YARGITAY KARARI
DAİRE : 6. Hukuk Dairesi
ESAS NO : 2015/710
KARAR NO : 2015/1570
KARAR TARİHİ : 19.02.2015
MAHKEMESİ : İstanbul Anadolu 15. Sulh Hukuk Mahkemesi
TARİHİ : 12/06/2014
NUMARASI : 2013/363-2014/370
Mahalli mahkemesinden verilmiş bulunan yukarıda tarih ve numarası yazılı tahliye davasına dair karar, davacı tarafından süresi içinde temyiz edilmiş olmakla, dosyadaki bütün kağıtlar okunup gereği görüşülüp düşünüldü.
Dava, mesken ihtiyacı nedeniyle kiralananın tahliyesi istemine ilişkidir.
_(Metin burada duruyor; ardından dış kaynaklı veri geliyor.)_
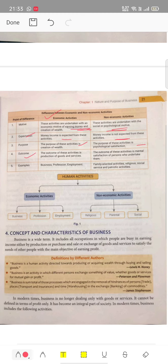Fourth point is outcome. The outcome of economic activities is production of goods and services — where the motive is to earn profit, we produce goods and provide services to earn money. The outcome of non-economic activities is mental satisfaction. Examples of economic activities are business, employment, and profession.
Mahkemece davanın aktif husumet yönünden reddine karar verilmiş, karar davacı vekili tarafından temyiz edilmiştir.
Davacı vekili davalı A.. B.. aleyhine açtığı asıl dava dilekçesinde, davalının iki yıldır kiracısı olduğunu, sözleşme bitmeden davalıya ihtar tebliğ edilmesine rağmen sözleşme sonunda kiralananın tahliye edilmediğini belirterek, mesken ihtiyacı nedeniyle kiralananın tahliyesine karar verilmesini talep etmiştir. Davacı vekili diğer kiracı F.. B.. hakkında açtığı birleşen dava dosyasındaki dilekçesi ile davalının sehven asıl davada davalı olarak gösterilmediğini belirterek dosyaların birleştirilmesini talep etmiştir. Davalılar vekili davacının sözleşmede taraf olmadığını belirterek davanın reddini savunmuştur. Mahkemece davacının aktif dava ehliyeti bulunmadığı gerekçesiyle davanın reddine karar verilmiştir.
6098 Sayılı TBK.’nun 350/1. maddesi uyarınca ihtiyaç iddiasına dayalı olarak açılacak davalarda dava hakkı kural olarak kiraya verene aittir. Ancak kiraya veren durumunda olmayan malikin de bu davaları açabileceği içtihaden kabul edilmiştir. Kiralanan paylı mülkiyete konu ise pay ve paydaş çoğunluğunun sağlanması, elbirliği halinde mülkiyete konu teşkil ediyorsa tüm ortakların davaya katılmaları gerekir. Bu koşullar birlikte dava açma şeklinde gerçekleşebileceği gibi bir paydaş tarafından açılan davaya sonradan diğer paydaşların onaylarının alınması şeklinde de sağlanabilir. Elbirliği mülkiyetinde, ortakların davaya katılmaları sağlanamaz ise miras bırakanın terekesine temsilci atanması sağlanarak temsilci huzuruyla dava yürütülür. Dava hakkına ilişkin olan bu hususların mahkemece kendiliğinden göz önünde bulundurulması gerekir.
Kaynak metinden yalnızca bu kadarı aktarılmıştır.